Chris Gilligan
Professor Chris Gilligan holds a personal chair in Mathematical Biology in the Department of Plant Sciences at Cambridge, where he leads the Epidemiology and Modelling Group. His research is focused on the development and use of models to predict the spread of plant disease and to identify optimal strategies for the control of disease at scales ranging from on-farm to the landscape, regional and continental. Current applications involve models to inform the control of crop disease in the UK, US, Africa and India, as well as diseases of trees in natural vegetation in the US and UK. His research group is contracted by the UK Government to provide emergency modelling support to respond to emerging epidemics of plant disease. Professor Gilligan also works at the interface between epidemiology and economics and on longer-term models to predict future demands for energy, land and water. He has published > 200 papers and reviews.
Professor Gilligan has served as Head (Dean) of Biological Sciences, one of six academic schools at Cambridge. He currently chairs the UK Joint Nature Conservation Committee (the public body that advises the UK Government and Devolved Administrations on UK-wide and international nature conservation). He also holds a Prime Ministerial appointment as Trustee of the Natural History Museum in London. He chaired the recent UK Government Taskforce on Tree Heath and Plant Biosecurity; he was chair of the Science Advisory Council for the UK Department of Environment, Food and Rural Affairs (Defra) (2011-14) and served two terms as a member of the UK Biotechnology and Biological Sciences Research Council (2003-2009). He has chaired a number of other national reviews including UK research in crop science and animal health.
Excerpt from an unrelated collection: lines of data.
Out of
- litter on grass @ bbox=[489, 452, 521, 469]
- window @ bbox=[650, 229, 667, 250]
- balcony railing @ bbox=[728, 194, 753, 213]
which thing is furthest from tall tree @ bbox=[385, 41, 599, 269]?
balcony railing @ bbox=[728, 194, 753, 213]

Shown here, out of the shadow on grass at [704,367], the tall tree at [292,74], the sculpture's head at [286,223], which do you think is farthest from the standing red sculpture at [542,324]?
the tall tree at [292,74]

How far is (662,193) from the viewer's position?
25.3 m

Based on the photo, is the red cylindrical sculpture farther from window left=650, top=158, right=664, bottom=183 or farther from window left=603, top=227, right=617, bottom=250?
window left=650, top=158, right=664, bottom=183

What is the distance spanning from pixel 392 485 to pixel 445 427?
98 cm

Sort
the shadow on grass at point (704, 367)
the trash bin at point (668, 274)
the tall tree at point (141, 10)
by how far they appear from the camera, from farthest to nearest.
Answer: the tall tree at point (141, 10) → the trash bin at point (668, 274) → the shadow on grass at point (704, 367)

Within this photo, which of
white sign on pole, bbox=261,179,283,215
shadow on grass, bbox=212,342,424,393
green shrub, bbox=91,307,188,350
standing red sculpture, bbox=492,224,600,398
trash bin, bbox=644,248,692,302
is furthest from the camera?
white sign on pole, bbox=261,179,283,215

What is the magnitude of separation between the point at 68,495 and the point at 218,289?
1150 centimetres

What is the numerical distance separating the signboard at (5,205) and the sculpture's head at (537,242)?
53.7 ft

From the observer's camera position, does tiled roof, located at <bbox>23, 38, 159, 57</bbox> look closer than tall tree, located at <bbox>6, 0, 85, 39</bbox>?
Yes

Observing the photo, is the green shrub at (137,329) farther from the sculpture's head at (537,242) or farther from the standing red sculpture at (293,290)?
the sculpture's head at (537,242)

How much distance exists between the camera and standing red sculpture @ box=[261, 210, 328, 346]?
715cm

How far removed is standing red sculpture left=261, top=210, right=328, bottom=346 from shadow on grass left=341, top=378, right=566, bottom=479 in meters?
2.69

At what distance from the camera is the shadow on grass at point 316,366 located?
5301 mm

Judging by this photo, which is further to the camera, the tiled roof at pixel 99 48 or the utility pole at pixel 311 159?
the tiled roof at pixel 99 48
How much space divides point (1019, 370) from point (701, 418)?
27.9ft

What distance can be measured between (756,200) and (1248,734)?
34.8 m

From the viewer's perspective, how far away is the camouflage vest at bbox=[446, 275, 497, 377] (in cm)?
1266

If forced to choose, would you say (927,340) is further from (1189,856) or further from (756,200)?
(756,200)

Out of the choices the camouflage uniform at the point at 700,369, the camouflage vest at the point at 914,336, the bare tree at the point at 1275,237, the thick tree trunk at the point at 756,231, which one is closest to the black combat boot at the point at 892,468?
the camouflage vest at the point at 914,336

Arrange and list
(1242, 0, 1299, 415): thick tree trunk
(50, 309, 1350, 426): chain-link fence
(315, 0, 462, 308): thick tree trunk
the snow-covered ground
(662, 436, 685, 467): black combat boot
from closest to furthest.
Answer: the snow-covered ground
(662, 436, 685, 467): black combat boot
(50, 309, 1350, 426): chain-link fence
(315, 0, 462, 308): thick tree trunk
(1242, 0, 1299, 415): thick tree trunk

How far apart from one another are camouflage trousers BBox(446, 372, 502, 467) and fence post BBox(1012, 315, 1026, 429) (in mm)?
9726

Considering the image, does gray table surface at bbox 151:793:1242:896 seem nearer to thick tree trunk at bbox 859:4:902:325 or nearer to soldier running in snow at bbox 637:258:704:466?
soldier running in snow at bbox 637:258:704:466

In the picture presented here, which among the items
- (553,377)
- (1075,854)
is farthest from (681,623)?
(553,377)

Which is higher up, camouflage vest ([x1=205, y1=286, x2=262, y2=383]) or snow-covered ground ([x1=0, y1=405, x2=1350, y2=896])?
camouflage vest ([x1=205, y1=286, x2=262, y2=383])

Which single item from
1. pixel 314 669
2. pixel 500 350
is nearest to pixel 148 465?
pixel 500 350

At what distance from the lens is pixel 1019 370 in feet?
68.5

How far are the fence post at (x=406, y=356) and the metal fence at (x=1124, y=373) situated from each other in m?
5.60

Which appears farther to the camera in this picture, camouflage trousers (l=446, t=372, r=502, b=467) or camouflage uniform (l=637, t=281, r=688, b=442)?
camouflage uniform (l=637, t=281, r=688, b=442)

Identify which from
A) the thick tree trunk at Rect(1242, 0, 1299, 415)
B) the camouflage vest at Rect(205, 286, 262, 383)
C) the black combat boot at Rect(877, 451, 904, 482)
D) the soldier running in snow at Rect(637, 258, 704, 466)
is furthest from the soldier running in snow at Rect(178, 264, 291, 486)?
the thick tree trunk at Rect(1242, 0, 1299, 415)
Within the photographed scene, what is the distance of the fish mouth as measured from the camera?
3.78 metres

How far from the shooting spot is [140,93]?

In addition to an MA and DPhil from Oxford, Professor Gilligan holds an ScD degree from Cambridge. He has held a Royal Society Leverhulme Trust Senior Research Fellowship and a UK National Research Council Professorial Fellowship. He is a Fellow of the American Phytopathological Society, a Fellow of the Royal Statistical Society, a Professorial Fellow of King’s College Cambridge and a past President of the British Society for Plant Pathology. He was made a Commander of the Order of the British Empire (CBE) in the Queen’s Birthday Honours (2015) for services to plant heath in the field of epidemiology.